## ACTIVITY
All lines from the one including "ULTRA THIN Plywood Flooring" to the bottom of the entries below should be repeated exactly, both ends kept.

--------

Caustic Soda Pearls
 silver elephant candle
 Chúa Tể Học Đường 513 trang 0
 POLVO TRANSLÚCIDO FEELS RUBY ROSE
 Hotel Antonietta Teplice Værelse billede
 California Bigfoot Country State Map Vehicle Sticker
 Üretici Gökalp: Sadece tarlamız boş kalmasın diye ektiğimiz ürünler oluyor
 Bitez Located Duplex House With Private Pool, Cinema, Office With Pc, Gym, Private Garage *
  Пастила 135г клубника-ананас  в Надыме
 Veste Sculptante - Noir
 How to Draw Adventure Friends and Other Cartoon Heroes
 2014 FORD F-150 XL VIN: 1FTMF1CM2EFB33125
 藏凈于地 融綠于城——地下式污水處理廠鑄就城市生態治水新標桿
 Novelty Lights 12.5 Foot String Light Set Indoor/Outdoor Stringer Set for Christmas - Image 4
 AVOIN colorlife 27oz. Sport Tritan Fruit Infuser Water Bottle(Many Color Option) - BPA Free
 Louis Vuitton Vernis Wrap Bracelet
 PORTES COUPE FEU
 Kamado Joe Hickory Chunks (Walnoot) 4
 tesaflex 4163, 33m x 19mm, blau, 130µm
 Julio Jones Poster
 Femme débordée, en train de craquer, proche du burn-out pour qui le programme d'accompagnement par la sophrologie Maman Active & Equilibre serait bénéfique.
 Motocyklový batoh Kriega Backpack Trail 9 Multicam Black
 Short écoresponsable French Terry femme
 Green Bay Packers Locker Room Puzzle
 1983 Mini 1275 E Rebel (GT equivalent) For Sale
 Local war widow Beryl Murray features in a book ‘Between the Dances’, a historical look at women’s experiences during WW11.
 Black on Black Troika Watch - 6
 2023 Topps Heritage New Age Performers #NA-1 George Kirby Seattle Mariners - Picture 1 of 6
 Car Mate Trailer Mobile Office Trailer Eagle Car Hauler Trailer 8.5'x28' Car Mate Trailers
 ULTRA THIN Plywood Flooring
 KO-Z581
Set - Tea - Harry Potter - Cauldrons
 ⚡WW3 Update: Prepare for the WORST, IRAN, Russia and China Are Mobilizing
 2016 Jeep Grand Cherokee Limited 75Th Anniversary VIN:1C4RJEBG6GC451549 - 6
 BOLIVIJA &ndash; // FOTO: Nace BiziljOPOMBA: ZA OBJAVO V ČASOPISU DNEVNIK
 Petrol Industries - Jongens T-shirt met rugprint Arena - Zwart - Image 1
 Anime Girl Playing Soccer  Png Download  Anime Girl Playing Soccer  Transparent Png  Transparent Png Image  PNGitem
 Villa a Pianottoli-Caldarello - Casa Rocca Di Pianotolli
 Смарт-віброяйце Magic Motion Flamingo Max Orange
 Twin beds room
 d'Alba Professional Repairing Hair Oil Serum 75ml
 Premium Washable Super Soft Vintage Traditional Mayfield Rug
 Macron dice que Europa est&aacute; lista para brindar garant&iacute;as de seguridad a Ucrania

--------

## TASK RESPONSE
 ULTRA THIN Plywood Flooring
 KO-Z581
Set - Tea - Harry Potter - Cauldrons
 ⚡WW3 Update: Prepare for the WORST, IRAN, Russia and China Are Mobilizing
 2016 Jeep Grand Cherokee Limited 75Th Anniversary VIN:1C4RJEBG6GC451549 - 6
 BOLIVIJA &ndash; // FOTO: Nace BiziljOPOMBA: ZA OBJAVO V ČASOPISU DNEVNIK
 Petrol Industries - Jongens T-shirt met rugprint Arena - Zwart - Image 1
 Anime Girl Playing Soccer  Png Download  Anime Girl Playing Soccer  Transparent Png  Transparent Png Image  PNGitem
 Villa a Pianottoli-Caldarello - Casa Rocca Di Pianotolli
 Смарт-віброяйце Magic Motion Flamingo Max Orange
 Twin beds room
 d'Alba Professional Repairing Hair Oil Serum 75ml
 Premium Washable Super Soft Vintage Traditional Mayfield Rug
 Macron dice que Europa est&aacute; lista para brindar garant&iacute;as de seguridad a Ucrania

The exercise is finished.